|

New XML-RPC Brute Force Attack

XML-RPC Brute Force Attacks

I told you so.

And I hate it when I’m right about this stuff.

Earlier in the week I posted that you should get XML-RPC turned off on your site. Sucuri just released confirmation that is one of the new attack strategies of the recent bad bot attack. This is different from the XML-RPC exploit to use your site in a DDoS attack. This one is to use XML-RPC to get your login credentials and do a Brute Force attack. In other words, the bots want to break down the front door to gain entry to your site.

How to Disable XML-RPC

Want to see my post again now on how to disable XML-RPC? Here ’tis. 
Post was UPDATED on 7/30/14 with new info and test results, plus a new way to turn XML-RPC completely off.

Protecting My Client Sites

And, this is the same type of security measures that I told you about in this week’s Tips Tuesday too, and that I’ve been staying up until the wee hours of the morning getting all of my client sites protected from. And I’ve been taking it a step further than what’s in that post and here’s why.
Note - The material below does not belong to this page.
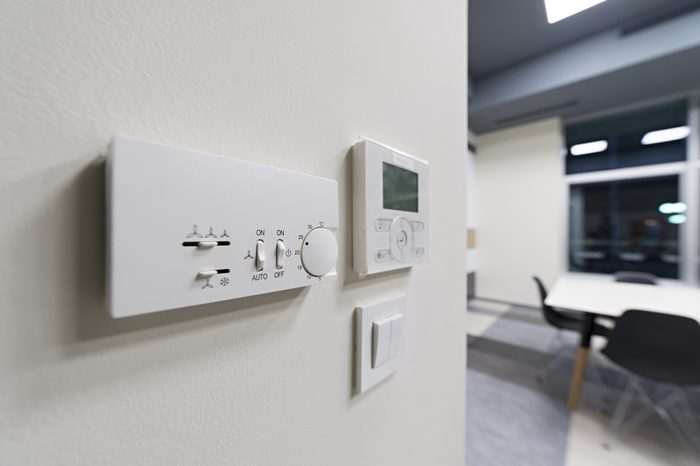 Climate control on office wall, selective focus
None of the standard Brute Force attack plugins can protect against this type of XML-RPC call. Extra measures have to be taken.

Attacks Up 10 Fold

Sucuri is reporting the attack rate has increased 10 fold. And the bots are going for the easy passwords to break. Folks, if you don’t do anything else, at least get a super duper strong password everywhere on your site, not just the login. Get it on the database and anything else that requires authentication.

Security for Non Geeks

Here’s more easy to understand info on DDoS attacks, Brute Force attacks, and site security.

DDoS Attacks, Brute Force Attacks, and Site Security

How Site Performance and Security Work Together

900 Botnets Ready to Attack Sites

Backup Backup Backup!

And by all means, get a good backup system in place. One that gets your whole root files, WP core files, theme, plugins, database, everything. Store those backups off site. And be sure the backups are easy to restore.

I use BackupBuddy (aff link) on my sites and install it on all of my client sites. And I store the files on Amazon S3 (AWS).

Here’s a free report with 14 backup and storage solutions, plus important setting info.

It’s Not Over Yet

From the info I’ve been able to gather, it’s clear that the bots are probing and testing new attack methods. They haven’t taken down whole server farms yet, and are not setting off major fire alarms yet. In fact, most hosts are adjusting and keeping pace by limiting resources on shared hosting accounts a bit more often.

That’s the scariest part of all.

Hosting Resource Overages

Hosts constantly advertise unlimited everything for $4/mo.

The days of throwing multiple sites onto a single shared hosting account are over.

Every one of those sites is chewing up your system resources. During high bot attack periods, the host will limit your site for resource overages. During those times, your site is not available to the public.

If you have cPanel, go to Logs > Resources. You’ll see just how many times your site has red lined for CPU and Memory overages. Go to Logs > Bandwidth to see overages with that.

So, on shared hosting, unlimited is not really unlimited.

Hidden Security Holes

  • If you have a bunch of abandoned sites on your account, every one of them is a major security hole.
  • If you simply deleted an abandoned site, but did not remove the add-on domain, it’s unsecured FTP account, or its database, every one of those is a major security hole.
  • If you have a bunch of old domains all redirecting to another site, you’re also sending all the bad bot traffic from them to that one site.

Get Serious About Security

Site Audits are the only way to check all of the security holes and performance drains on your site.

I do site evaluations and audits at levels from live, :30 minute sessions where you see what I see all the way to the same full performance and security audits I put BlogAid through.

Every part of your site has to be taken into consideration including your hosting environment, plugins, theme, content type (just text or lots of images), and so much more. There’s no way to adequately cover all of the conditions and solutions in a generic post because there is no one-size-fits-all fix.

Just Do It

Site security is just not something that can be put on ignore anymore. All sites live in bad neigborhoods now. I don’t care who your host is. The Internet is full of bots and hackers and all manner of ne’er do wells and miscreants because there’s a lot of money for them to make. A whole lot of money.

So, just get it done. And keep it secure. And sleep easier.